I’m sitting here contemplating drawing a track map of likely shift points for this car, compared to some of my other cars. I’m out of time to go this far, but clearly the 6-speed is far better geared for these particular circumstances (as it would have been w/ the previous 6-speed).
Notice again I said clearly *stock*. Mods can help make up for this, there are mods to keep the boost up to max RPM, but the gearing problem is inherent.
Looking at the Evo X, here’s the speed-in-gear for each tranny:
Here’s the course… with the normal direction indicated (I should be using a GPS chart but I don;t have one here). The parts I’m talking about above are between the two red dots, and the direction is indicated with an arrow. This graphic (from the track site) isn’t very good… the first two turns (starting with the left red dot) are actually more or less 90 degrees, first a left and then an immediate right – although it doesn’t look at all like that angle on this lousy graphic. After those, you need to accelerate as much as possible and with the SST you will be well into 4th when you come out onto on the main straight (the “straight” is also straighter than it appears here, and it’s well banked).
By the end of the straight, I want an X to be doing ~145. Due solely to the gearing, it’s not possible in a stock 5-speed Evo. At the end of the straight (Turn 1) you turn towards the left, go thru the transition from the banking to the flat inside section of the track while continuing to accelerate just a bit, then brake for all you have. You need to brake down to about ~80 for the left-hand Turn 2 (just past the right-most red dot). This is where the 2-piece rotors will be invaluable, as well as aftermarket pads. The in Turn 2, the torque-vectoring rear diff will really come into play.

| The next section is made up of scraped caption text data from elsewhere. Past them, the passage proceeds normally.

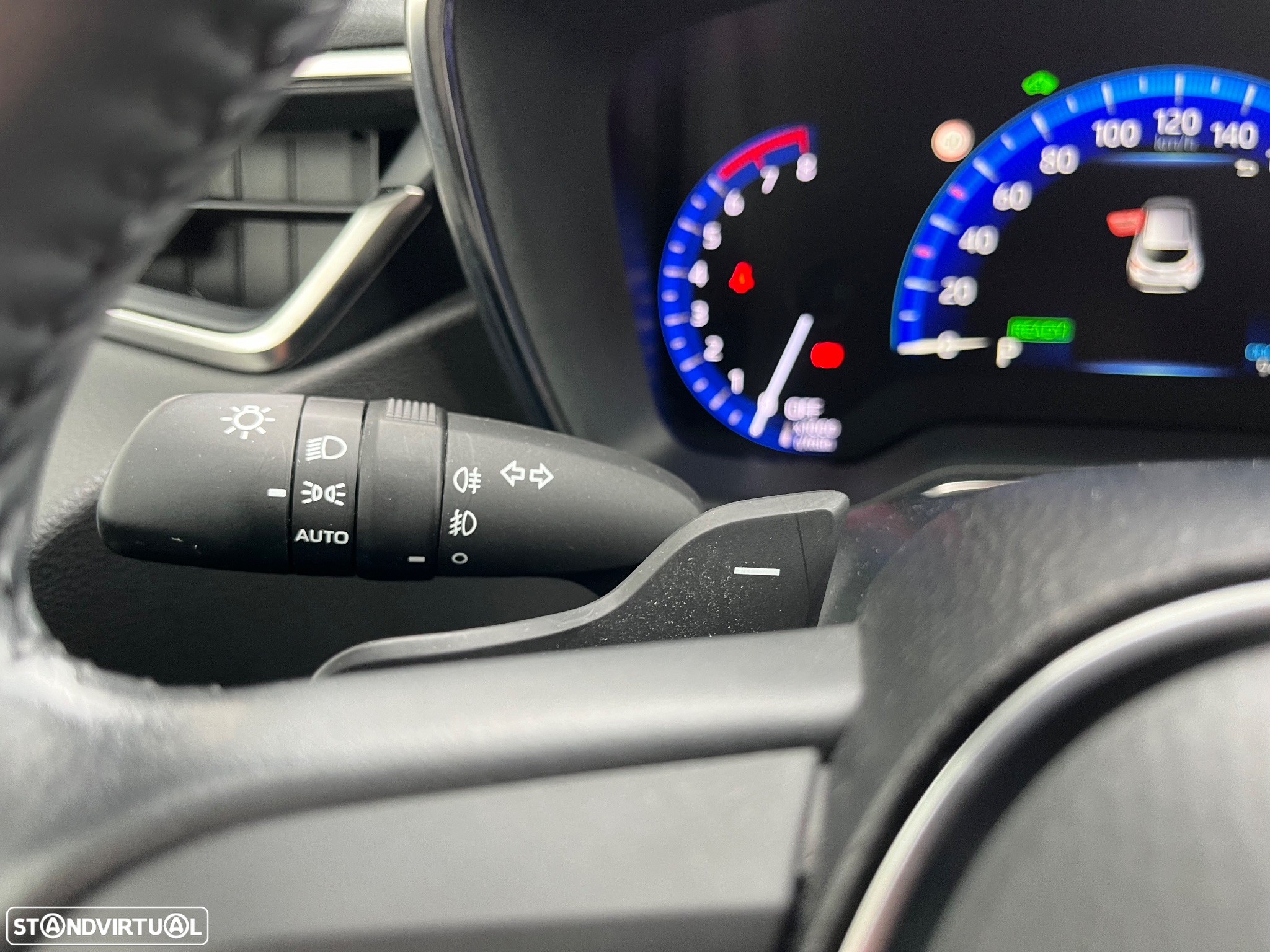 Toyota Corolla 2.0 Hybrid Luxury Black - 31
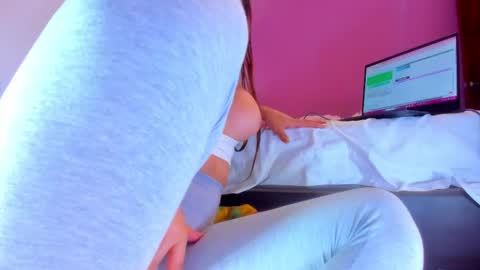 Elizabeth  online show from February 2025 01:36:01 AM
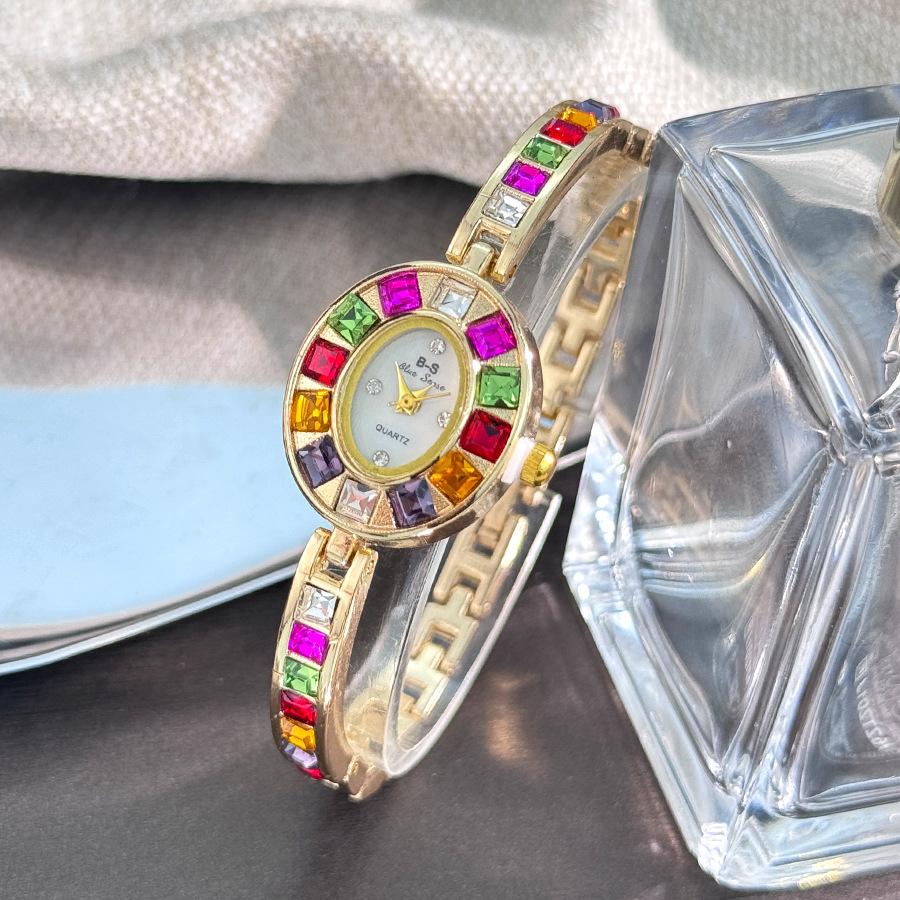 

Color Zircon High-end Sense Diamond-encrusted Women s Watch Niche Bracelet Bracelet Small Exquisite Quartz Watch золотой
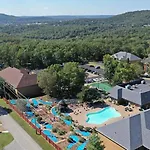Studio Apt In Branson With Great Resort Setting Including Pools And Playground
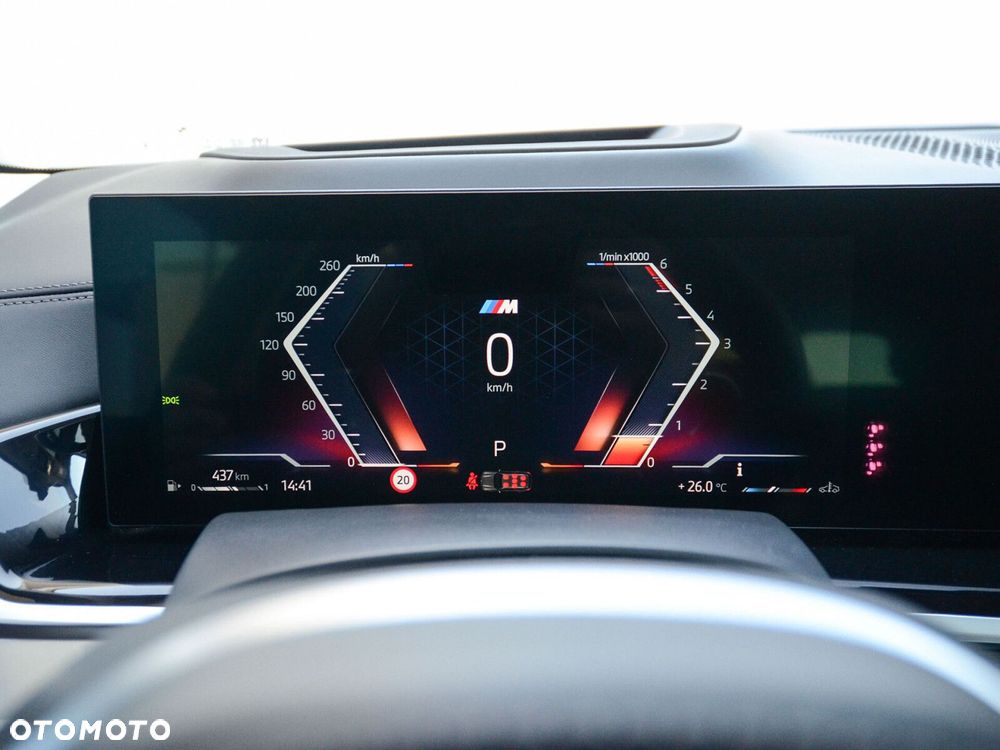 BMW X7 - 33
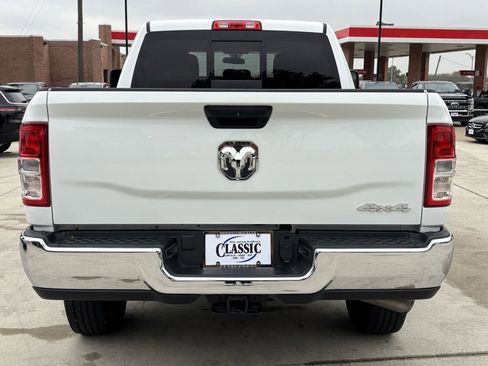Used 2024 RAM 3500 Tradesman w/ Chrome Appearance Group AWD/4WD image 5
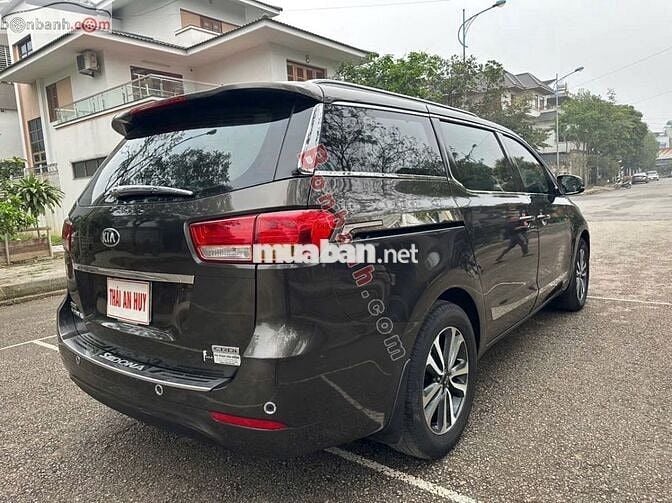 kia sedona máy dầu số tự động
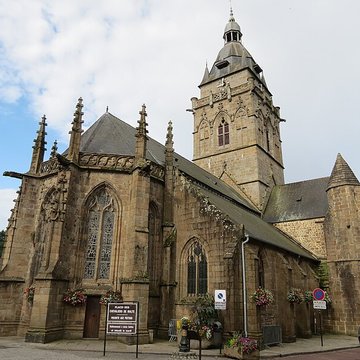 Église Notre-Dame de Villedieu-les-Poêles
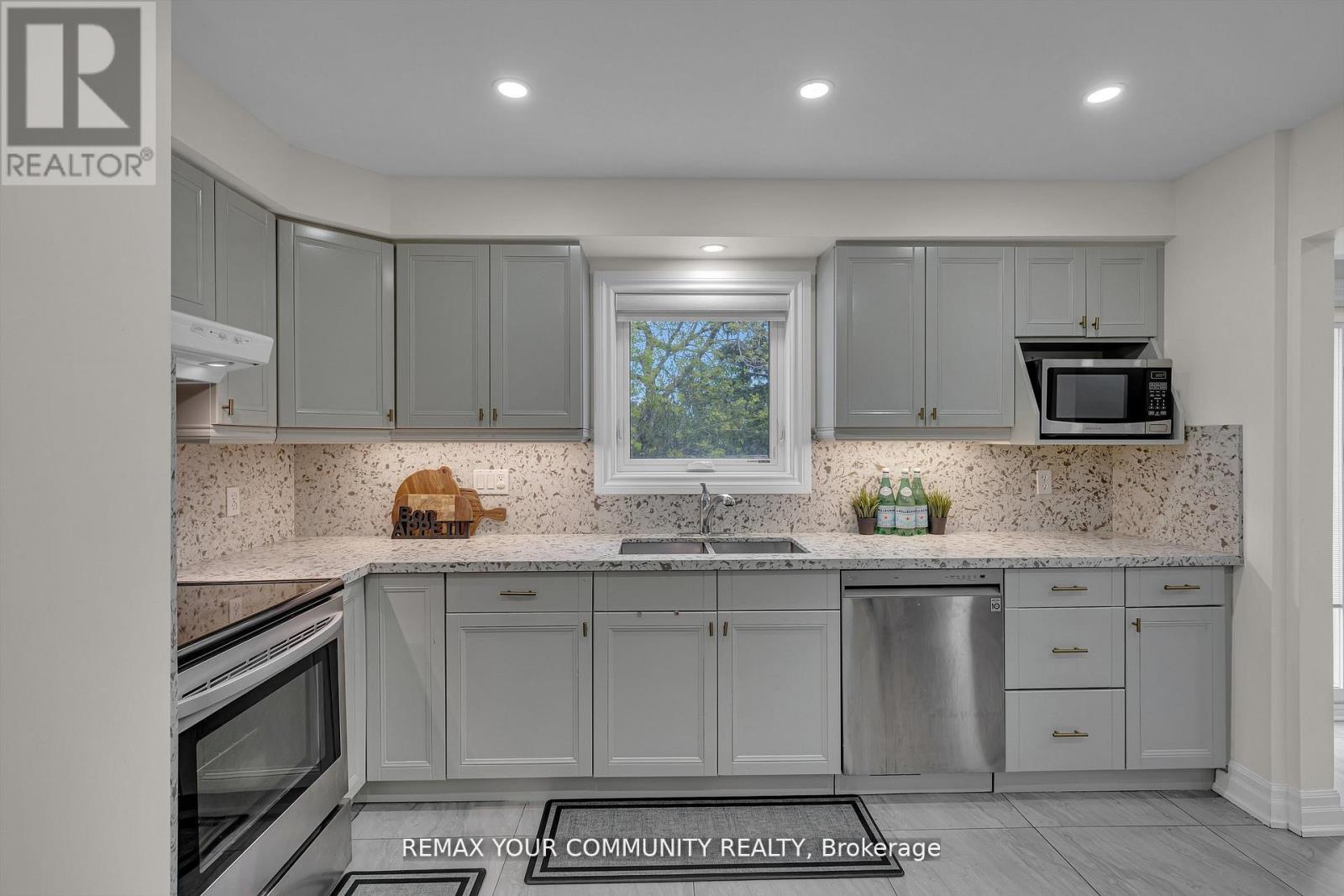 22 MADELAINE CRESCENT - 13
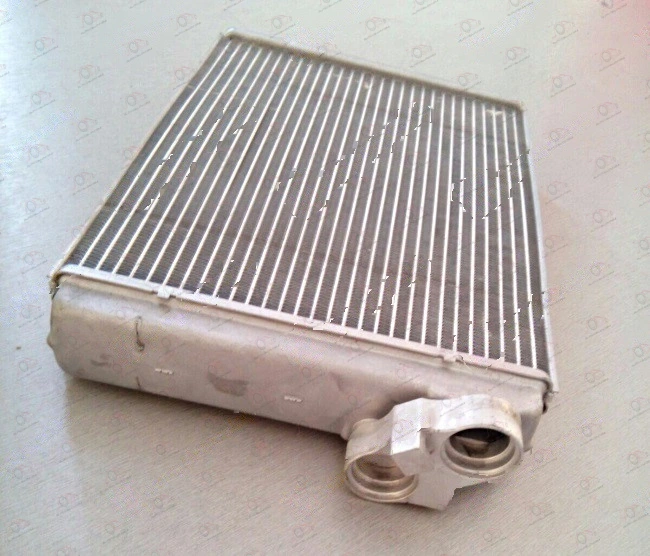 Grejač Kabine (Br) (255x180x32) Audi A4 2008-2012 — Audi A4 (B8) (2008–2012.)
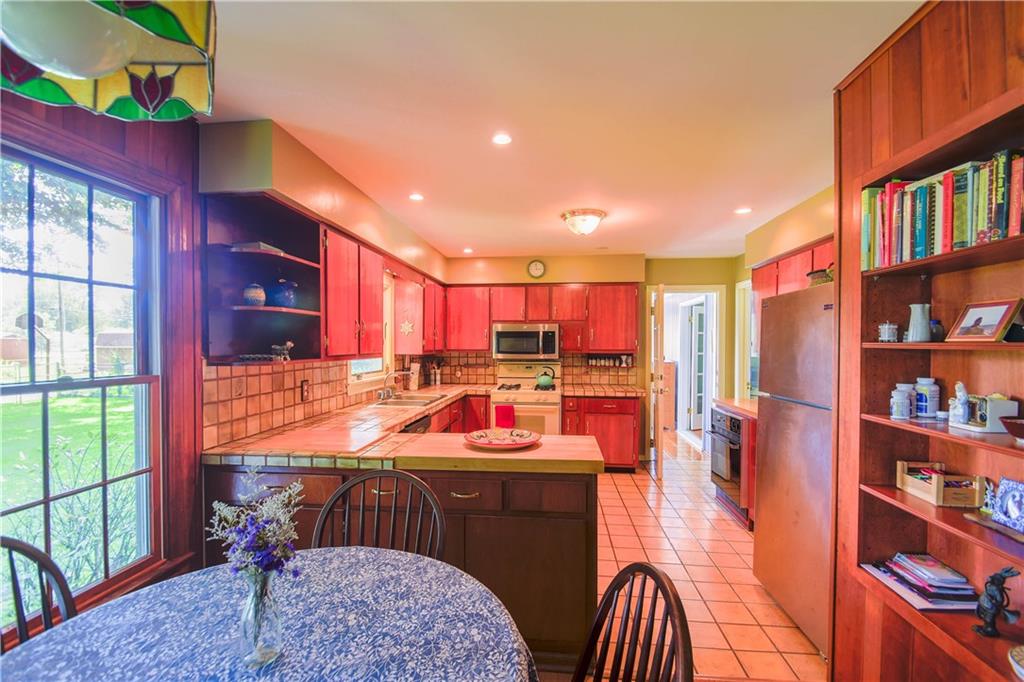 129 McClellan Road Greenfield, IN 46140 - Photo 16 of 24 Gallery Image 16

Back to the question of time lost while shifting. Here’s a video from the Evo X press introduction in Japan, showing an Evo IX manual and an Evo X SST side-by-side:
This is exactly what I’m talking about time lost while manually shifting. The video also demonstrates the superiority of AWC in both the wet and dry.
Finally, a couple of additional facts. Remember that the X is only 100 pounds heavier than the previous car. The SST tranny is 49 pounds heavier than the 5-speed, and the engine is 27 pounds lighter than the old iron-block engine. This is an extraordinary achievement on the part of Mitsubishi; newly designed cars are gaining rate at a tremendous rate. The X meets far more advanced crash regulations than the prior car and it will be crash rated considerably better. Even more important to us, structurally it’s light years better than ye olde VII-IX. The old one was good structurally, this one is much better, and that’s another one of those inherent things that you can’t really make up with band-aids.
So for this particular track (and even faster ones like Watkins Glen), in an X, it’s a 6-speed SST or nothing. Even if it might require an add-on tranny cooler (pump and cooler will probably cost $1500) – which would be a good choice eventually, anyway.